INFORMATION PROVIDED ▸
——

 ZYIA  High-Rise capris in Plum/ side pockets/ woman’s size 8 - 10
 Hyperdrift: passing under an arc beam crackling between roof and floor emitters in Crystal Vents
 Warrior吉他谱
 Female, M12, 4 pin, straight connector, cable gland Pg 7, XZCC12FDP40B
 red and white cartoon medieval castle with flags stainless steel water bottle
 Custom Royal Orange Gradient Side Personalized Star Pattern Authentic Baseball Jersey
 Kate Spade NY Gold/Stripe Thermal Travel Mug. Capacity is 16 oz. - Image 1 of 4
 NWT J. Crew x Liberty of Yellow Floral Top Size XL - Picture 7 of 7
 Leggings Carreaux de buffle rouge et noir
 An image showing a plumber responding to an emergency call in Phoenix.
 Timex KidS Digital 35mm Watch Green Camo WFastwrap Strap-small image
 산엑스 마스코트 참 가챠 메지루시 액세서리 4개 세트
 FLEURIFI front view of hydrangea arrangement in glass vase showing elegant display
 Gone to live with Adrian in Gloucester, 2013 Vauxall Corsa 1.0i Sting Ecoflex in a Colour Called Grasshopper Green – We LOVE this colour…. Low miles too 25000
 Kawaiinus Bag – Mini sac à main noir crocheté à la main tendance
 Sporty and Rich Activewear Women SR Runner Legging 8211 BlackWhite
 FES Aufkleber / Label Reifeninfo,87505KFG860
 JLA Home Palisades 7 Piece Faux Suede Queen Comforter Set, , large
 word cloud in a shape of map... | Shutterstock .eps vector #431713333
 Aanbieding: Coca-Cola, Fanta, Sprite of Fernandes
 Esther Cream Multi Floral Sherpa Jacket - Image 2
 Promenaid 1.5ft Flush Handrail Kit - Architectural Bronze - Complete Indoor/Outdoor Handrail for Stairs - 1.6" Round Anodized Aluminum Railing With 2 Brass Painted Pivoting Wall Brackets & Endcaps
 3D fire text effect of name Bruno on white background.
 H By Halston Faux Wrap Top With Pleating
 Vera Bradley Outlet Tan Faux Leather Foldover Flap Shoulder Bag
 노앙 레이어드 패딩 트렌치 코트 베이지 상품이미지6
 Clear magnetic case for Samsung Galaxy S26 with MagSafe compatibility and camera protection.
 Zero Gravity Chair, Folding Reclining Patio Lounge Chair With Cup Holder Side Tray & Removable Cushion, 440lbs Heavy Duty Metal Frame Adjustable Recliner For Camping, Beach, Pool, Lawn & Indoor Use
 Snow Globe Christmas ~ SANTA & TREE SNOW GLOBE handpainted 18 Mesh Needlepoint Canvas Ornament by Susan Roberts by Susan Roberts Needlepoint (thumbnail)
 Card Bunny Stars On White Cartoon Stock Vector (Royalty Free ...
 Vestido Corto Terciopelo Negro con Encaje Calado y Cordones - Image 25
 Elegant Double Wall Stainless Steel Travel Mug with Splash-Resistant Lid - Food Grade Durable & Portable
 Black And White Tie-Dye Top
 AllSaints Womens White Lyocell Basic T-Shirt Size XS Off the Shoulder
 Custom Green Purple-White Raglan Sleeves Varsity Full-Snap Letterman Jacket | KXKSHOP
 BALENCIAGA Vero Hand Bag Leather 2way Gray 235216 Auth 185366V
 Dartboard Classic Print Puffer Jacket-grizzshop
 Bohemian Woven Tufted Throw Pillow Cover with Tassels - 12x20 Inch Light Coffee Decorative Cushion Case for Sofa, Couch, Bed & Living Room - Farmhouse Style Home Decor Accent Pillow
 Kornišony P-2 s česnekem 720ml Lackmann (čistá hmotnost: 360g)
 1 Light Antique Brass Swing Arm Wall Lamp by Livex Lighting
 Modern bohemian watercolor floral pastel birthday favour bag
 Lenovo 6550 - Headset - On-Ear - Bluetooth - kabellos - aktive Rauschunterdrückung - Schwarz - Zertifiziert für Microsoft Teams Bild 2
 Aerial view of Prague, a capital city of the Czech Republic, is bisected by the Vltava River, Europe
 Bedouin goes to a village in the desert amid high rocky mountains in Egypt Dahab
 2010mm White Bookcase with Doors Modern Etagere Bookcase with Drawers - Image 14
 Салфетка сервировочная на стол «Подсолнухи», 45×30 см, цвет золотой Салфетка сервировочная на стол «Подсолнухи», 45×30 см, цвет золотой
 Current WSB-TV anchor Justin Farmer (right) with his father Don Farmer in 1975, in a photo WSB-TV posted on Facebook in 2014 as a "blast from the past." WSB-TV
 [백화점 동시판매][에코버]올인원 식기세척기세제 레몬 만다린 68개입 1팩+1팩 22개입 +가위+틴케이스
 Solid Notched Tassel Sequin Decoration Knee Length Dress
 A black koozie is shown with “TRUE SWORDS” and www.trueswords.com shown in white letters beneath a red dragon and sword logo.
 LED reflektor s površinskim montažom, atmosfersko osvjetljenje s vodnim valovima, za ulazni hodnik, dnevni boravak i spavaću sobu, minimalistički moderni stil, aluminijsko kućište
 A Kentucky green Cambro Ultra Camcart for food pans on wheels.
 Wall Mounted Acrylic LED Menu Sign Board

——

WHAT THIS TASK INVOLVES ▸ Where the listing above reaches the line that contains "H By Halston Faux Wrap Top With Pleating", start retyping, and finish with the line that contains "Dartboard Classic Print"; reproduce those lines exactly and no others.

EXERCISE SOLUTION ▸
 H By Halston Faux Wrap Top With Pleating
 Vera Bradley Outlet Tan Faux Leather Foldover Flap Shoulder Bag
 노앙 레이어드 패딩 트렌치 코트 베이지 상품이미지6
 Clear magnetic case for Samsung Galaxy S26 with MagSafe compatibility and camera protection.
 Zero Gravity Chair, Folding Reclining Patio Lounge Chair With Cup Holder Side Tray & Removable Cushion, 440lbs Heavy Duty Metal Frame Adjustable Recliner For Camping, Beach, Pool, Lawn & Indoor Use
 Snow Globe Christmas ~ SANTA & TREE SNOW GLOBE handpainted 18 Mesh Needlepoint Canvas Ornament by Susan Roberts by Susan Roberts Needlepoint (thumbnail)
 Card Bunny Stars On White Cartoon Stock Vector (Royalty Free ...
 Vestido Corto Terciopelo Negro con Encaje Calado y Cordones - Image 25
 Elegant Double Wall Stainless Steel Travel Mug with Splash-Resistant Lid - Food Grade Durable & Portable
 Black And White Tie-Dye Top
 AllSaints Womens White Lyocell Basic T-Shirt Size XS Off the Shoulder
 Custom Green Purple-White Raglan Sleeves Varsity Full-Snap Letterman Jacket | KXKSHOP
 BALENCIAGA Vero Hand Bag Leather 2way Gray 235216 Auth 185366V
 Dartboard Classic Print Puffer Jacket-grizzshop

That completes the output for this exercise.